Until recently George Bailey was an integral and very successful member of the team, and had a good BBL – not picked. Cam White, who has captained Australia and in the form of his life – not picked. Even Ferguson, deemed good enough to play a test for Australia in November, and a proven ODI player for Australia – not picked. As Cam White said very accurately, the ODI squad is now basically a development squad. It shouldn’t be.
Then there is the selection of the captain of that tour. With Smith and Warner missing there was no skipper. Finch has captained before and is a very good captain. Instead the job went to Wade. Now I’m not partial to Wade, but even so this made little sense given that the squad would split in two shortly. The test squad would head off to India under Smith, and the T20 side would play a bunch against Sri Lanka with Finch captaining. Surely it makes sense that if Finch was in the slot for the T20 why not start him off as ODI captain? As it happens, with Wade injured Finch is captain anyway.

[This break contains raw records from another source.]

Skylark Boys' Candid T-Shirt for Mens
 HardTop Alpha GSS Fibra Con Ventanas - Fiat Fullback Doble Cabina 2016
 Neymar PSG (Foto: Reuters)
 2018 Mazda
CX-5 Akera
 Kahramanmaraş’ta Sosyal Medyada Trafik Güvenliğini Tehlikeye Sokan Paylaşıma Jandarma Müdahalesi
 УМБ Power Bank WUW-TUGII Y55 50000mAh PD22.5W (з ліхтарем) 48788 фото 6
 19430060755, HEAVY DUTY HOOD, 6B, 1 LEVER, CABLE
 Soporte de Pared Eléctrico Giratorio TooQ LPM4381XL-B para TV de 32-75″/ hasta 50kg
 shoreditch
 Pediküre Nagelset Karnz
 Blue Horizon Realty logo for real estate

Finally there’s the test squad. This is my smallest beef. India is a tough place to tour, and my own view is that we should play to our strengths – quality pace and reverse swing bowling. That’s how we won there before. We’re taking the top line fast bowlers, but otherwise picked 4 spinners. Lyon was always going to be picked, though will likely be a dud again. O’Keefe is a NSW favourite and odds on. He’s a handy player, but no better. I’d happily have left him off the plane. The other selections are more audacious – young leg-spinner Swepson and Ashton Agar. I like both of them, but can’t see how we’re going to give 4 spinners all a game. When you factor in Maxwell too (a good selection) who can bowl handy spin that’s a heavy hand.
Travis Head missed out again. I’m a big fan of him and reckon he should have been selected when Maddinson was. He’s a talented batter and another very handy bowler. I sort of support his omission though, not because he’s not good enough, but because I’d like to keep him ripe for the Ashes next summer.

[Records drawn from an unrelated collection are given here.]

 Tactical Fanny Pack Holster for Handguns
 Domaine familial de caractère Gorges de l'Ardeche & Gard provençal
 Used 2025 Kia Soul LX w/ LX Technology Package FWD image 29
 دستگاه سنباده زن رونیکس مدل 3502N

Finally there’s that damn man Wade again. Somehow he’s been selected as our only wicketkeeper for the tour. I think it’s just dumb. His batting doesn’t live up to the hype and his keeping is behind 3-4 more capable Australian wicketkeepers, like Nevill. He’s particularly ordinary keeping to spin, but is going to India to keep on dusty, big spinning pitches with 4+ spinners down the other end. Someone explain that to me.
On a tour to India I just don’t think you can take that chance. Imagine missing a stumping chance against Kohli when he’s on 10, and he goes on to make a hundred or more. Is it worth that? Certainly his batting doesn’t justify that faith.

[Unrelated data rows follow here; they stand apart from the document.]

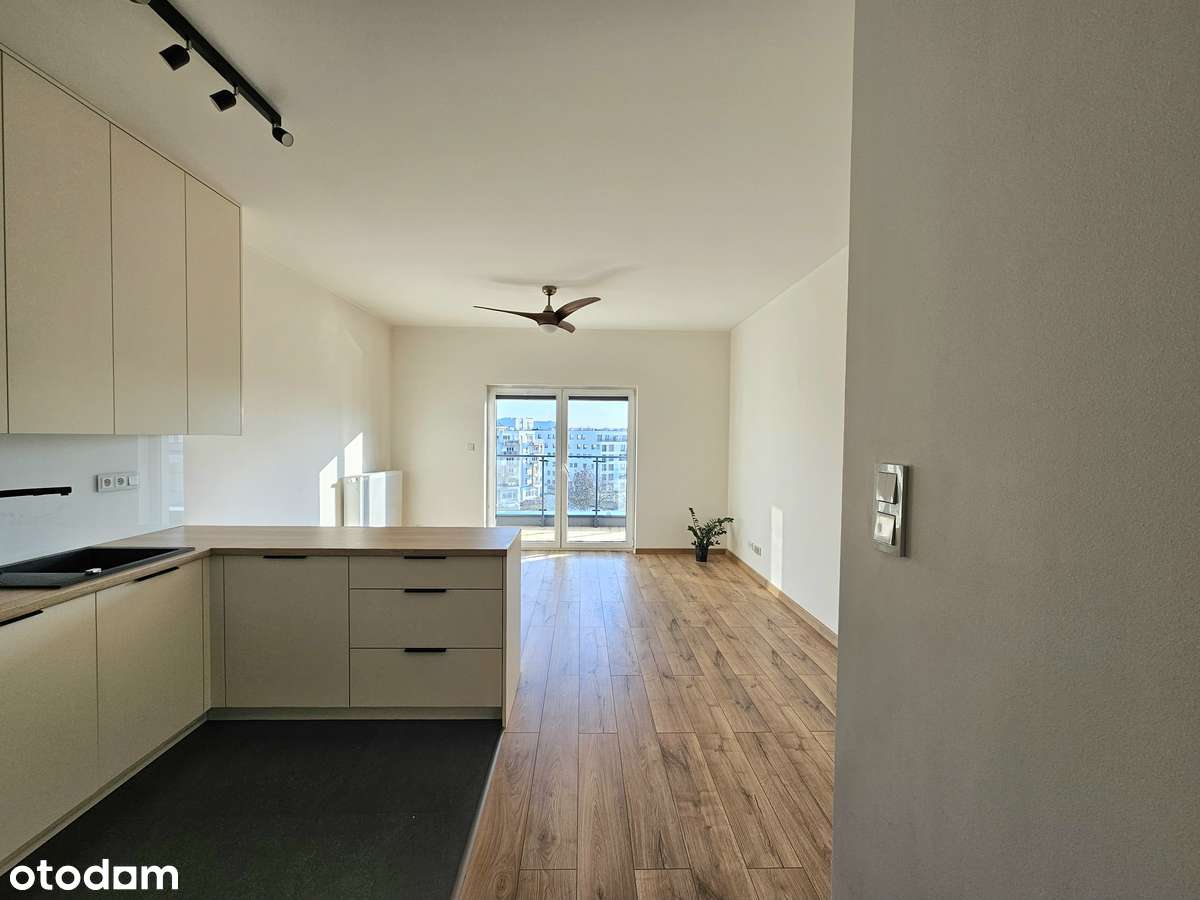 Nowoczesne 4-pokojowe mieszkanie | Balkon i taras | 2x parking w cenie - Pełny obrazek: 4/14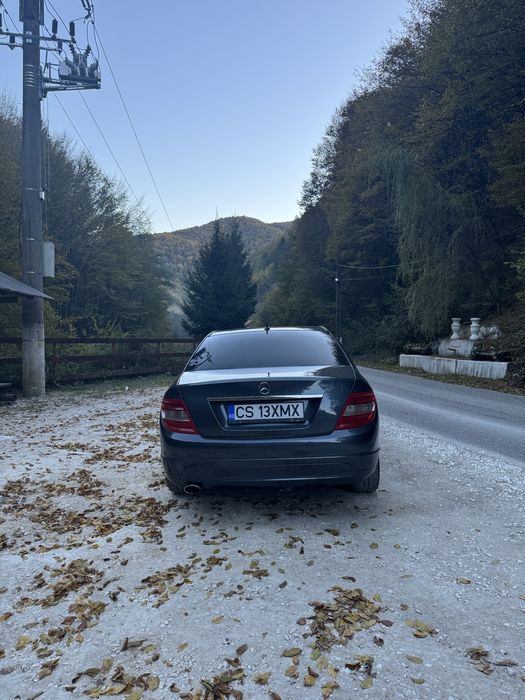 Mercedes c220 - 2011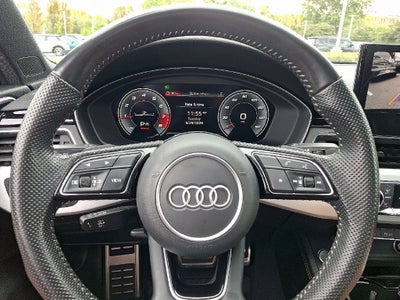 2020 Audi A4 45 Premium Plus quattro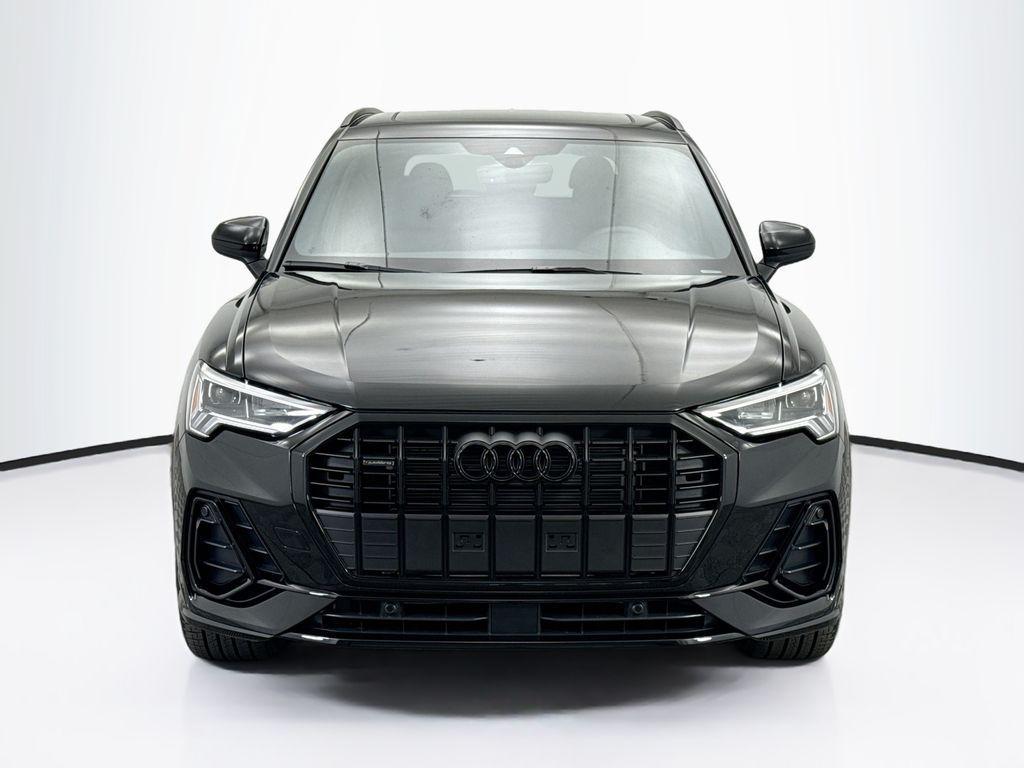new 2025 Audi Q3 car, priced at $46,110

I just don’t know where the selectors are at. I loved Mark Waugh as a batsman, but think he’s a fruitcake as a selector. And Hohns, who has done great service to Australia, made comments during the week that left a lot of heads shaking.
I’m happy to be proved wrong. I think we’ll do better than expected in India, but I don’t know that we’ve helped ourselves a lot. It’s an opinion business though – and this is mine.